One AL All-Star, who did not want to be named, says of Hernandez, "Wow! He had the best stuff of any pitcher I saw all last year. I came into that game locked in, red hot, and he shut me down."
Hernandez is a confident sort who in Double A pitched with FELIX EL CARTELUA embroidered on his glove, which makes him a self-proclaimed "badass." Asked what he thinks of his 12-start cameo last year, when big leaguers batted .203 against the teenager, he throws his head back, grins and purrs, "What do you think?" Asked what he loves most about pitching, he declares, "Strikeouts. They are the best. A good feeling."
"It's his demeanor on the mound that sets him apart from other guys with stuff," says former Seattle catcher Dan Wilson. "He's got great confidence, and it's not the kind of confidence that's going to get him in trouble. He knows he can throw any pitch at any time to get you out."

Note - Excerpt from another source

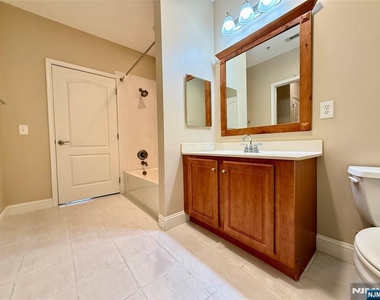 2214 Ramapo - Photo Thumbnail 8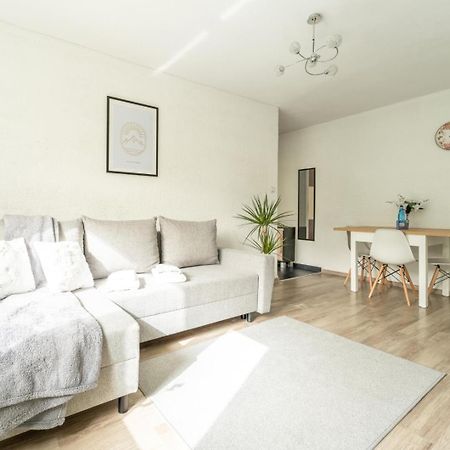 Apartament Gold - 2 Osobne Sypialnie Z Balkonem - Spaceapart Jelenia Góra Exteriör bild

Scouted at 14 and signed at 16 for a $710,000 bonus, Hernandez is the heir to Pedro Martinez, who broke out in 1997 at age 25 as the next great sensation in pitching, someone who imbues those 30 or so days and nights that he's on the mound with rock-concert energy.
Asked where else he might be at 20 if not so blessed, Hernandez is stupefied for a moment, as if such a thought has never occurred to him, then finally says, "Actually, in my bed. I like to sleep. Just relaxing. Or maybe college."
He adds, "I want to be in this game for as long as I can. This is what I love to do."
This purpose, this talent, is all he's ever known. It's as natural and as immutable as the Cordillera de la Costa that looms over Valencia.